SUPPLIED ENTRIES:
──────────

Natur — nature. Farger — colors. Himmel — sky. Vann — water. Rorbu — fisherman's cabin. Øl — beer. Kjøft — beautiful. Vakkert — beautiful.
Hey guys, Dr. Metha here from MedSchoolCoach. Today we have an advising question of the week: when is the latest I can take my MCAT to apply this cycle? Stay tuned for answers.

──────────

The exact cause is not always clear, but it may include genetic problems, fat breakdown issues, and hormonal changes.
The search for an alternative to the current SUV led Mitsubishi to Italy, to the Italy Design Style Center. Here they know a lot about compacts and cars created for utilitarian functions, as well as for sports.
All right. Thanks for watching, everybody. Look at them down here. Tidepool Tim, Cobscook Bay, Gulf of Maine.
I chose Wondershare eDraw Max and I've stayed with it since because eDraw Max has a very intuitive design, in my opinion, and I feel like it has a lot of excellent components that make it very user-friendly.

──────────

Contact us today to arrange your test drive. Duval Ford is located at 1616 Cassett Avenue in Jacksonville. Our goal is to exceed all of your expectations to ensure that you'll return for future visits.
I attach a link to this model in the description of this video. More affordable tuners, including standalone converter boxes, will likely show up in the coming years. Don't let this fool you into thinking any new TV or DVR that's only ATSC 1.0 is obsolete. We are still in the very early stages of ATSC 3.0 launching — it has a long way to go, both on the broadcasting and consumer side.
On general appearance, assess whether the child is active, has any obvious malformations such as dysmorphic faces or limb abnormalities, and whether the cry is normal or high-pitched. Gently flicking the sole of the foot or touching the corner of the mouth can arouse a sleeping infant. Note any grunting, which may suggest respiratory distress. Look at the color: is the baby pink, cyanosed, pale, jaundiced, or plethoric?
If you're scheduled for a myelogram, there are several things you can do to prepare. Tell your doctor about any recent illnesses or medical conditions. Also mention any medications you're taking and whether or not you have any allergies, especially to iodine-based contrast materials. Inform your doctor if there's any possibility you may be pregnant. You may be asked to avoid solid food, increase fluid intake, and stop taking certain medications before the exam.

──────────

Pull out all lines from the entries above that include the word "about".

REPLY:
The search for an alternative to the current SUV led Mitsubishi to Italy, to the Italy Design Style Center. Here they know a lot about compacts and cars created for utilitarian functions, as well as for sports.
If you're scheduled for a myelogram, there are several things you can do to prepare. Tell your doctor about any recent illnesses or medical conditions. Also mention any medications you're taking and whether or not you have any allergies, especially to iodine-based contrast materials. Inform your doctor if there's any possibility you may be pregnant. You may be asked to avoid solid food, increase fluid intake, and stop taking certain medications before the exam.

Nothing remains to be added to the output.